INRO meeting to pick new buffer stock manager
INRO meeting to pick new buffer stock manager
KUALA LUMPUR (AFP): The International Natural Rubber Organization (INRO) opened talks here yesterday, during which a new buffer stock manager will be selected from six candidates proposed by the United States and the European Union, officials said.
"The U.S. nominated two candidates, while the EU gave four names. But it is basically a decision that has to be made by the consumers themselves at this (weeklong) INRO session," said Sucharit Promdej of Thailand.

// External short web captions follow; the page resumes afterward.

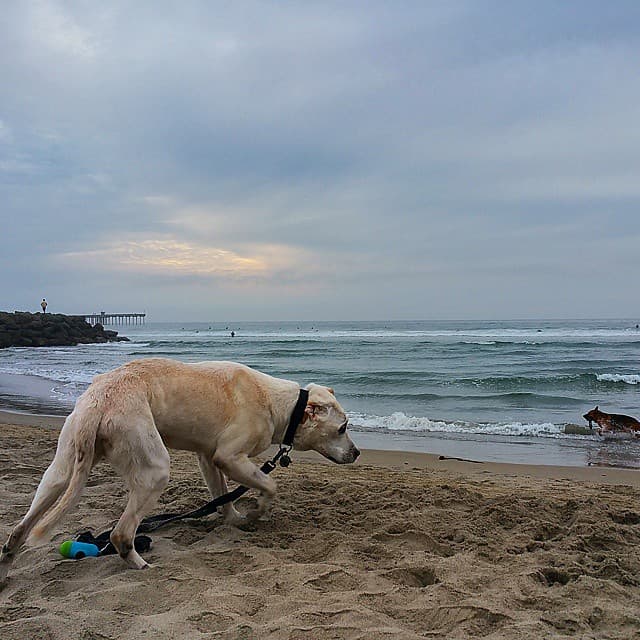 Así fue como el DJ neoyorkino, su esposa y el perro hicieron maletas y saltaron a la aventura.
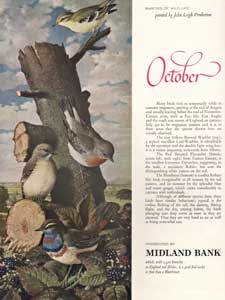 1964 Midland Bank October Birds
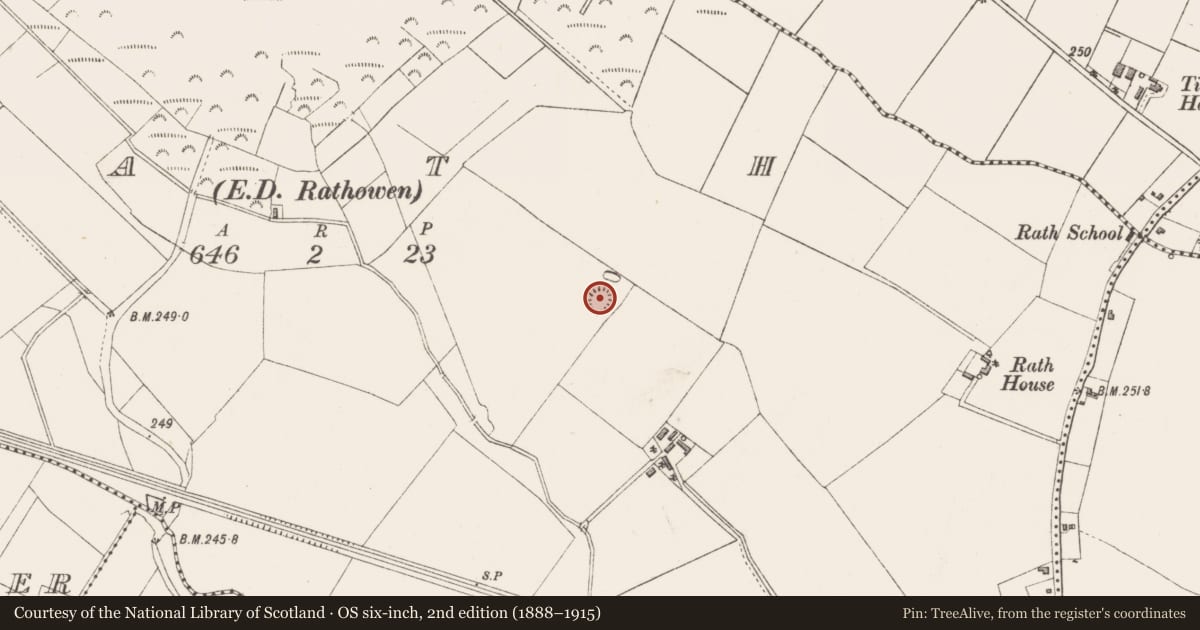 Ordnance Survey six-inch map, 2nd edition (1888–1915) covering the location of Barrow - ring-barrow, Rath, County Westmeath, with a pin at the register's coordinates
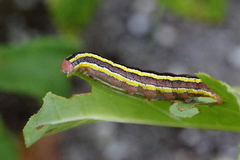 Rødt hagefly (Ceramica pisi)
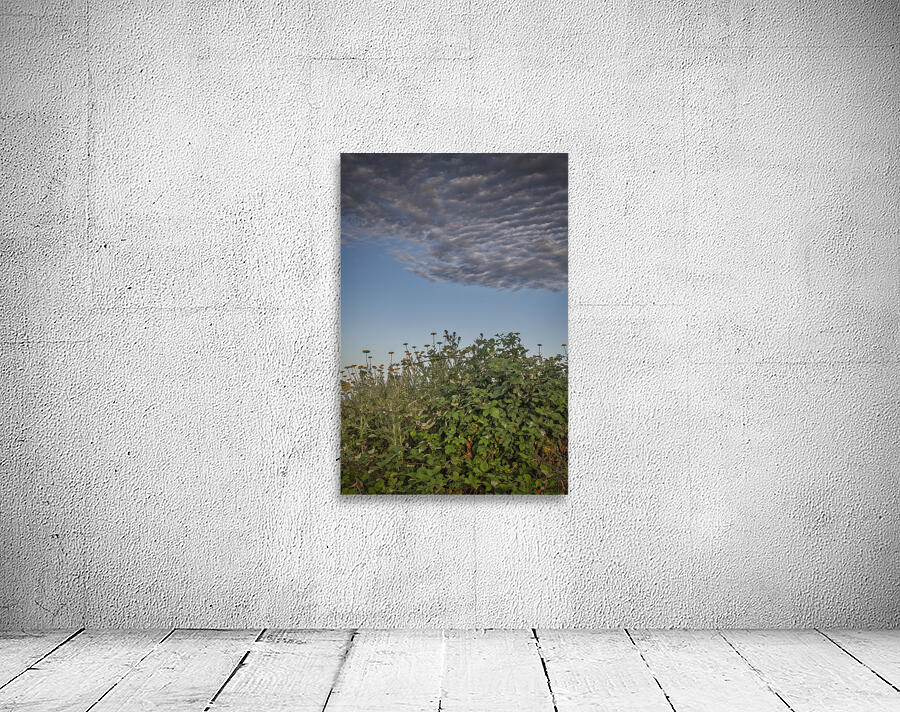 FS240702 Cloudscape Wall Preview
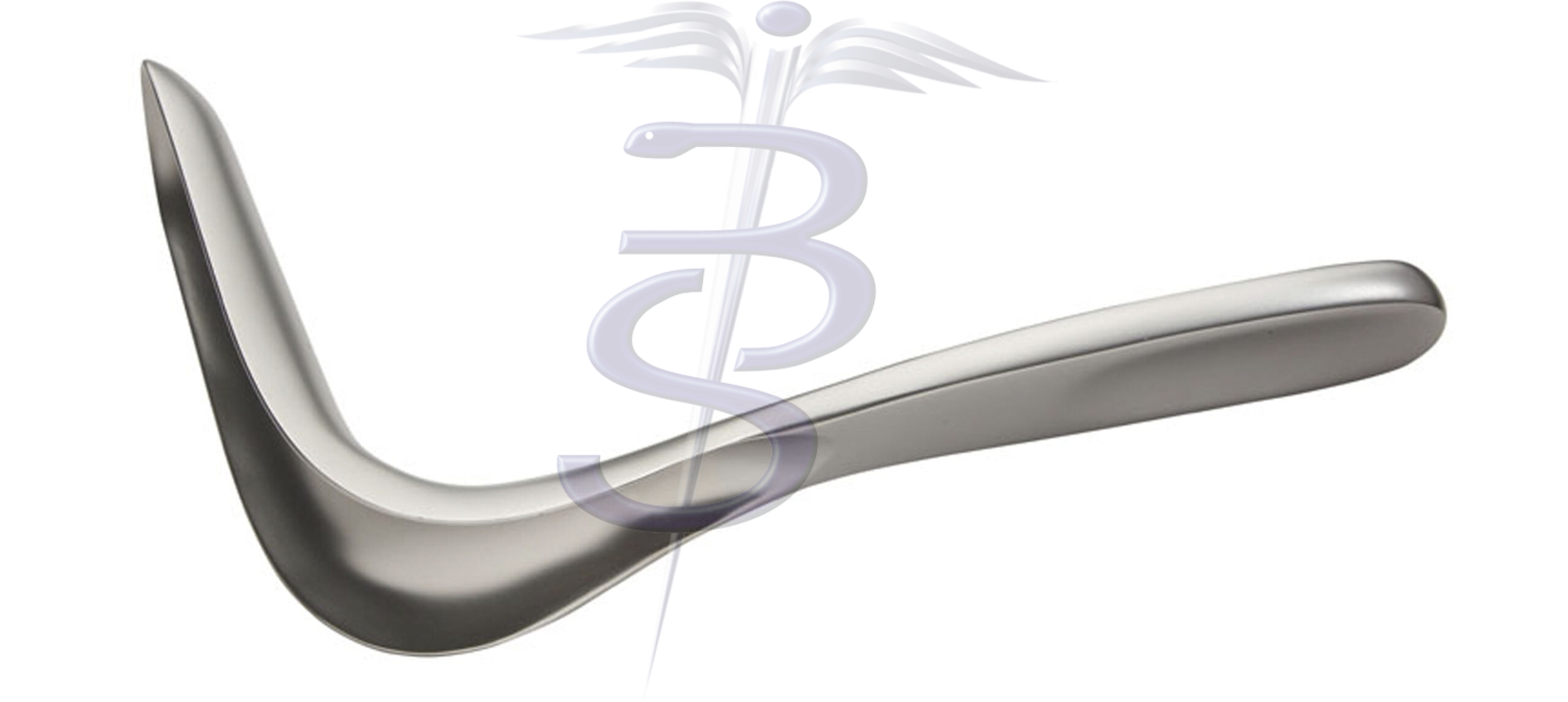 Sims Speculum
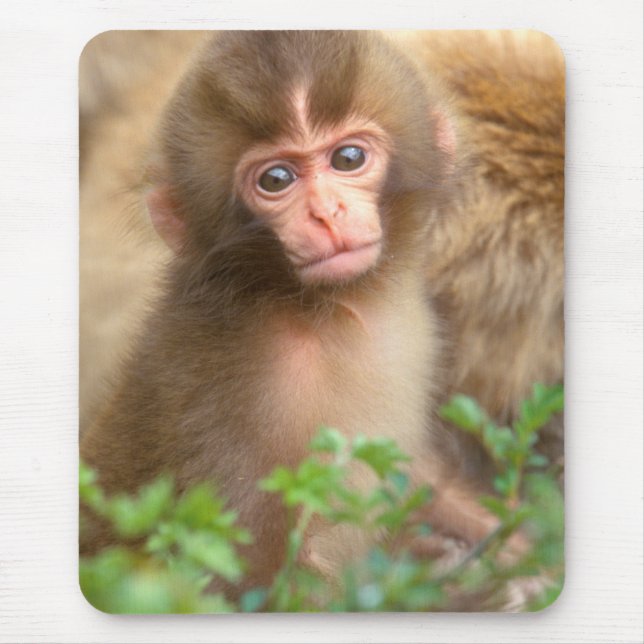 Mousepad Retrato do Bebê Macaco da Neve (Frente)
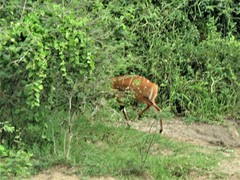 Tragelaphus scriptus bor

Sucharit is the executive secretary of the Association of Natural Rubber Producing Countries (ANRPC).
Indonesia, Malaysia, Sri Lanka and Thailand are in INRO. ANRPC's other members are India and Papua New Guinea.
INRO's present buffer stock manager, Aldo Hofmeister, is due to retire in July after spending the past nine years trying to satisfy 26 governments through buying and selling stockpiled rubber to stabilize prices.
"By tradition, the buffer stock manager is an American," said the 71-year old Illinois-born Hofmeister, whose two predecessors were from the United States.
The change comes as members of the Kuala Lumpur-based INRO try to bridge their differences and prepare for the conclusion of a new global pact in Geneva in October.
INRO groups six producing countries -- Thailand, Indonesia, Malaysia, Nigeria, Ivory Coast and Sri Lanka -- with 20 consuming countries, including members of the European Union, the United States, Japan and China.
It administers the 14-year old International Natural Rubber Agreement (INRA) that has economic provisions with a "may-buy," "may-sell" and a "must-buy," "must-sell" mechanism to guide the buffer stock manager in his market interventions.
INRA expired in December and has been extended for a year pending conclusion of negotiations for the successor pact.
Good job
"He (Hofmeister) has done a good job and has kept within provisions that govern the role of the buffer stock manager," said Farouk Ishak of Malaysia and spokesman for the producers.
Producers have in the past criticized Hofmeister for being slow and ineffective in intervening to prop up prices in a bearish market.
INRO members, who met last month to negotiate the new pact, are to meet for their second round of negotiations in Geneva from Oct. 3-14 to hammer out the new accord.
The president of the UN Conference on Natural Rubber, Peter Lai, is meeting with INRO members informally at the weeklong session here to try to narrow differences before the October meet.
"The main issue in the negotiations is the economic provisions that relate to the buffer stock pricing mechanism. Consumers don't want any changes, but producers want the whole mechanism reviewed," said Farouk.
"Producers want a new pact hammered out somehow by year-end. There will no more extension," he said.
Producers, who met among themselves on the weekend ahead of the INRO session, would further scrutinize consumers' proposals at a meeting in Medan, Indonesia, in early August, Sucharit said.
The ANRPC meeting was chaired by Rosediana Suharto, spokesperson for the producers in the INRA negotiations in Geneva. She is director of Indonesia's national export center.